Comment a évolué La Chablisienne ces dernières années ?
« Sur les quatre dernières années, nous avons connu trois années déficitaires en termes de récoltes, et une année très généreuse avec le millésime 2018. Cette année-là, et à titre exceptionnel, nous avions demandé que le rendement butoir soit déplafonné pour nous permettre de reconstituer des réserves et affronter les aléas climatiques. Malheureusement, la discussion avec l’Inao, à l’image de ce qu’il s’est passé ces dernières semaines, a tourné court. Ils se sont cramponnés au code rural et au cahier des charges. Par ailleurs, nous avons réalisé un chiffre d’affaires de 57 millions d’euros en 2019, soit le plus bel exercice de l’histoire de La Chablisienne avec une belle progression sur l’ensemble des réseaux, grâce à ce fameux millésime 2018. Malheureusement, la récolte de 2019 a chuté de 20 % par rapport à une récolte classique. Notre cave coopérative représente aujourd’hui 250 vignerons à l’origine de neuf millions de bouteilles l’an passé.
Que vous évoque le réchauffement climatique ?
« Il y a une volonté de tous de regarder vers le Nord pour contrebalancer le réchauffement climatique. Les secteurs granitiques du Beaujolais pourraient très bien supporter les cépages syrah ou meunier et faire des vins très qualitatifs. On parle beaucoup du réchauffement climatique et j’ai vraiment le sentiment que c’est en train de s’accélérer. Les cahiers des charges vont devoir évoluer, mais dans des délais raisonnables. On ne peut pas imaginer d’attendre dix ans avant d’évoquer ces sujets avec l’Inao. En Bourgogne, nous avons vu le mercure monter jusqu’à 50 degrés. C’est du jamais vu…
La Chablisienne propose-t-elle de nouvelles cuvées ?

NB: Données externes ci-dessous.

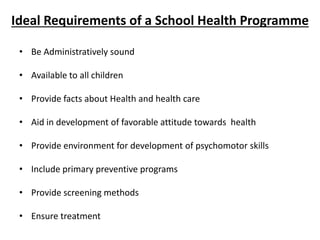 Ideal Requirements of a School Health Programme
• Be Administratively sound
• Available to all children
• Provide facts about Health and health care
• Aid in development of favorable attitude towards health
• Provide environment for development of psychomotor skills
• Include primary preventive programs
• Provide screening methods
• Ensure treatment
 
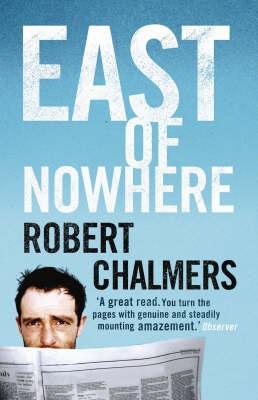 East of Nowhere - Chalmers, Robert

« Nous avons créé une nouvelle gamme, destinée exclusivement au CHR, pour séduire les millenials. On trouve trois références : Bourgogne Chardonnay (7,20 €), Petit Chablis (9,20 €) et Chablis (11,95 €). Elles constituent ainsi une nouvelle marque que nous avons baptisée La Chablisienne By La Chablisienne. Les bouteilles sont transparentes et permettent de bien voir la robe des vins. C’est une clé d’entrée à destination des jeunes avec une approche moins identitaire. Ce sont des vins axés sur la fraîcheur à consommer dans les deux ans. L’objectif de production est de 300 000 cols.